- PROBLEM DESCRIPTION -
The lines needed are those from the start of the records through the line holding "Babiana angustifolia", each copied exactly.

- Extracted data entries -
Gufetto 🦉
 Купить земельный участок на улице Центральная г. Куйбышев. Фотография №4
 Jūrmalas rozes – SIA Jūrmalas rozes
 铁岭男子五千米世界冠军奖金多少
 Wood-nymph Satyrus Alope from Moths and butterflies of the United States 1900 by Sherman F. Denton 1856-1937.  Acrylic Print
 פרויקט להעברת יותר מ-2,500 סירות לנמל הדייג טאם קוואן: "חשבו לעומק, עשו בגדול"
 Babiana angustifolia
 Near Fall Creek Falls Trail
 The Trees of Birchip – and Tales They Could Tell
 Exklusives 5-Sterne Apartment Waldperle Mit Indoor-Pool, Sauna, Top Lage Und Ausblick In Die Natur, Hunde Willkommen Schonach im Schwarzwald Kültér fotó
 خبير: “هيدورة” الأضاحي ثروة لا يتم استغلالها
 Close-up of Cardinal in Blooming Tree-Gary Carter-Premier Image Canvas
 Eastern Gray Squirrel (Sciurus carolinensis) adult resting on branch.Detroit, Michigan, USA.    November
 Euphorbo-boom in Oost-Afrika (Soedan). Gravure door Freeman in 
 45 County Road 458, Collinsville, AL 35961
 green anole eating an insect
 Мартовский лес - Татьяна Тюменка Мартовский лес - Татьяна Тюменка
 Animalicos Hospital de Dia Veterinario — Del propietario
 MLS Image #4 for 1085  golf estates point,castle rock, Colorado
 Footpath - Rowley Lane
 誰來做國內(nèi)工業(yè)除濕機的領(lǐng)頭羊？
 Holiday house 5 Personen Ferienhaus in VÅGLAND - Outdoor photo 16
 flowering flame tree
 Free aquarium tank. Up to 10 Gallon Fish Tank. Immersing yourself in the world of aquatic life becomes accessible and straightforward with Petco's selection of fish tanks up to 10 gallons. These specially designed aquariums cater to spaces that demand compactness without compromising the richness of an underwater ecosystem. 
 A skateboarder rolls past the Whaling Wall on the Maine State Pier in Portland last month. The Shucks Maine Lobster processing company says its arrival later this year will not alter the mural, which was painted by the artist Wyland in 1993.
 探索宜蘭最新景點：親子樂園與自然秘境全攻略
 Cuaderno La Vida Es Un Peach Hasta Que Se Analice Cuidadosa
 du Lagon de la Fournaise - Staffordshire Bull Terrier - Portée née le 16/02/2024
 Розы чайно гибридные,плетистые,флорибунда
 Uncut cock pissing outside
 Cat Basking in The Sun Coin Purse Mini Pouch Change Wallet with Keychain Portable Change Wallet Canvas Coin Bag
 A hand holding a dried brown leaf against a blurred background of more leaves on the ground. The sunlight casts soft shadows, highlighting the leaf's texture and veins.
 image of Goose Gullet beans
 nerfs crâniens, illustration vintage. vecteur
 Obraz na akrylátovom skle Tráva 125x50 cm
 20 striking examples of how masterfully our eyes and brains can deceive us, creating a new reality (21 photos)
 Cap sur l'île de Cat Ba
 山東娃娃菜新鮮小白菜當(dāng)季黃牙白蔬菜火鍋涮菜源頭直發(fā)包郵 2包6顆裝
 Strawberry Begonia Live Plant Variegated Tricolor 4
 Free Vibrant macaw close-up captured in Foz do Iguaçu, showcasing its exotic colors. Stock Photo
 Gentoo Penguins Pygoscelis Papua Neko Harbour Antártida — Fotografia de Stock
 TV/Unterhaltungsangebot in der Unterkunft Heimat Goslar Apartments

- TASK RESULT -
Gufetto 🦉
 Купить земельный участок на улице Центральная г. Куйбышев. Фотография №4
 Jūrmalas rozes – SIA Jūrmalas rozes
 铁岭男子五千米世界冠军奖金多少
 Wood-nymph Satyrus Alope from Moths and butterflies of the United States 1900 by Sherman F. Denton 1856-1937.  Acrylic Print
 פרויקט להעברת יותר מ-2,500 סירות לנמל הדייג טאם קוואן: "חשבו לעומק, עשו בגדול"
 Babiana angustifolia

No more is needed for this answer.